A dupla de diretores Marcio Reolon e Filipe Matzembacher chamou a atenção logo no primeiro filme que nasceu dessa união, o instável Beira-Mar, de 2015. A crítica especializada teceu louros ao longa, enquanto o público não encontrou muito significado no longa-metragem, que parece vazio e sem um objetivo narrativo claro. Um problema bem parecido deve acontecer com Tinta Bruta, o segundo filme de Reolon e Matzembacher que venceu o Festival do Rio e levou dois prêmios no Festival de Berlin. Grande público, porém, deve se cansar com uma trama lenta, repetitiva e circular.
A história de Tinta Bruta acompanha as perdas de Pedro (Shico Menegat), um adolescente de Porto Alegre, no Rio Grande do Sul, que vive um momento complicado em sua vida. Ele responde um processo criminal após agredir um ex-colega de classe, a irmã está se mudando para Salvador e a sua única fonte de renda são exibições sexuais em um site especializado no assunto. E assim, o rapaz começa a se questionar sobre como viver sozinho, como levar a vida adiante sem grandes perspectivas e, principalmente, como encontrar pessoas pra se relacionar sem sair de dentro de casa.

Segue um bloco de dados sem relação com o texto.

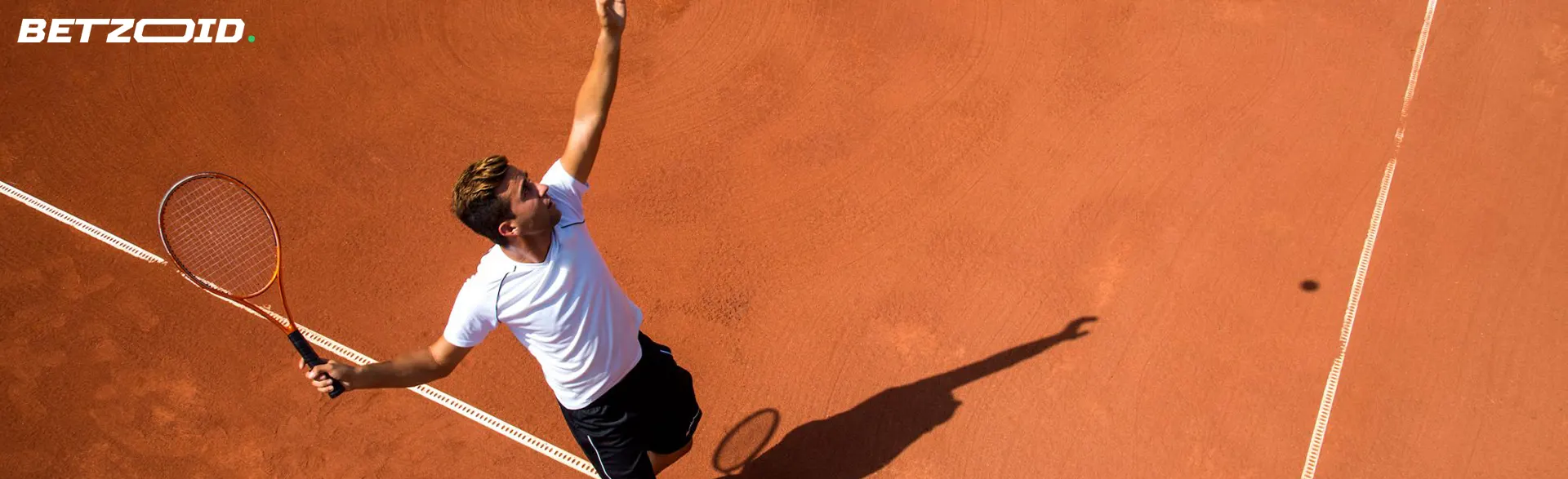 Een tennisser probeert de bal te slaan.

Tinta Bruta, como ressaltado, tem uma narrativa que se concentra nas perdas de Pedro frente sua antiga vida. Dividido em três capítulos, cada um deles foca num desses problemas e em uma das coisas que ele perde em sua vida, seja a irmã, o relacionamento com o bailarino Léo (Bruno Fernandes) ou, até mesmo, sua identidade virtual. Ou seja: é um filme cíclico e que se repete. O espectador, a cada capítulo que se inicia, sabe como ele vai terminar, o que vai acontecer na vida de Pedro. É, afinal, a intenção geral dos cineastas, que criam, mais uma vez, um filme de personagem.
E não há problema nisso, claro. Há muito filme de personagem -- e sobre a solidão que contagia as pessoas -- que se destaca, como o excepcional Arábia. Só que é preciso trama, complicadores, embates. Em Tinta Bruta, há pouco disso. O julgamento de Pedro é pouco explorado, se resumindo a duas cenas. Não há uma real tensão sobre como aquilo vai se desenrolar. O relacionamento com a irmã tinha muito a ser dito, mas uma única cena emociona e fica marcada. É forte, é impactante, mas logo vai se amarelando e ficando esquecida. Falta força cênica e narrativa pra levar aquela força adiante.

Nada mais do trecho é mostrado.